ISCA Archive Interspeech 2016
ISCA Archive Interspeech 2016

Generation of Emotion Control Vector Using MDS-Based Space Transformation for Expressive Speech Synthesis

Yan-You Chen, Chung-Hsien Wu, Yu-Fong Huang

In control vector-based expressive speech synthesis, the emotion/style control vector defined in the categorical (CAT) emotion space is uneasy to be precisely defined by the user to synthesize the speech with the desired emotion/style. This paper applies the arousal-valence (AV) space to the multiple regression hidden semi-Markov model (MRHSMM)-based synthesis framework for expressive speech synthesis.
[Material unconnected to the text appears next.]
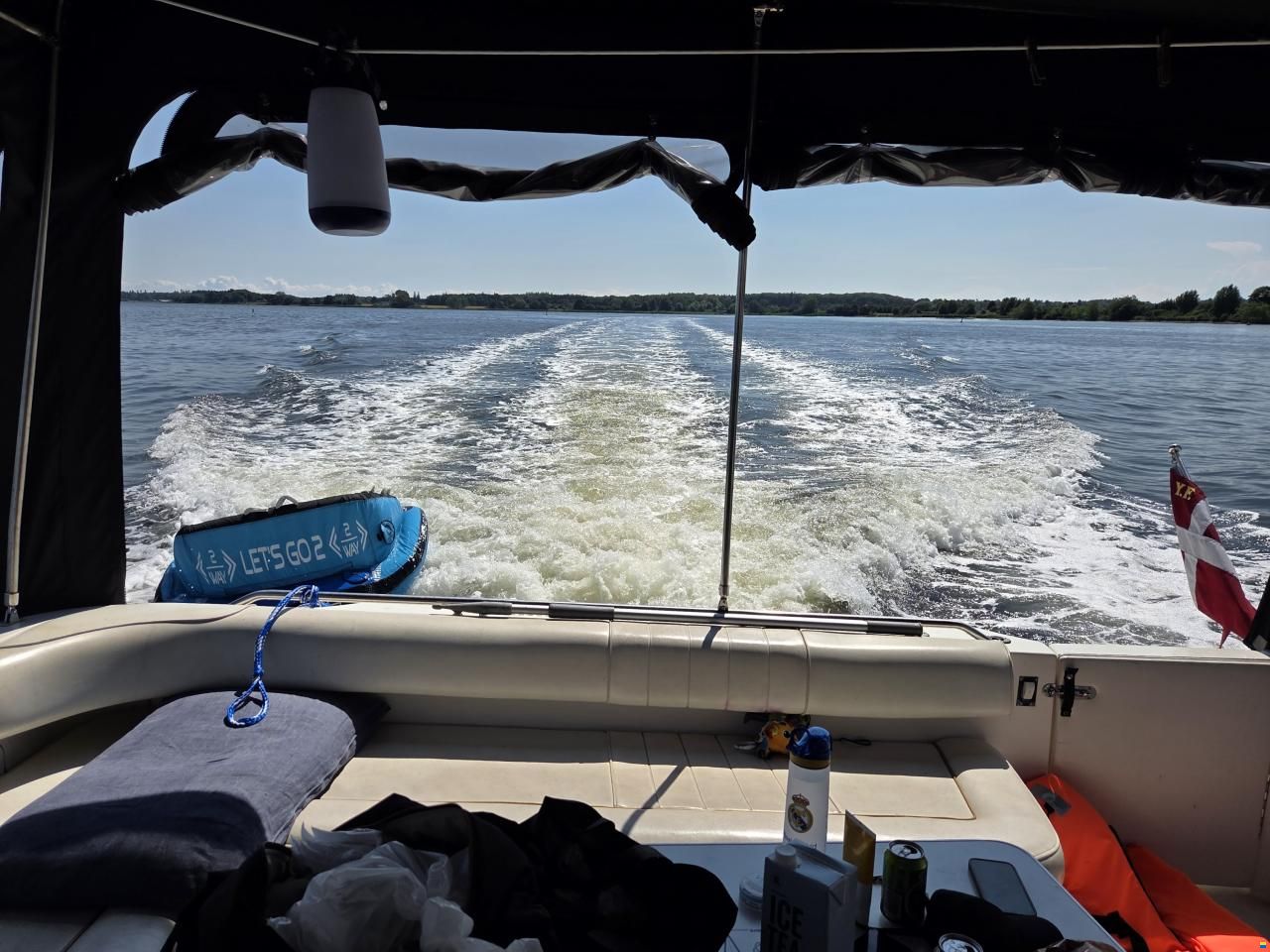 Sea Ray 400 Sundancer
In this study, the user can designate a specific emotion by defining the AV values in the AV space. The multidimensional scaling (MDS) method is adopted to project the AV emotion space and the categorical (CAT) emotion space onto their corresponding orthogonal coordinate systems. A transformation approach is thus proposed to transform the AV values to the emotion control vector in CAT emotion space for MRHSMM-based expressive speech synthesis. In the synthesis phase given the input text and desired emotion, with the transformed emotion control vector, the speech with the desired emotion is generated from the MRHSMMs. Experimental result shows the proposed method is helpful for the user to easily and precisely determine the desired emotion for expressive speech synthesis.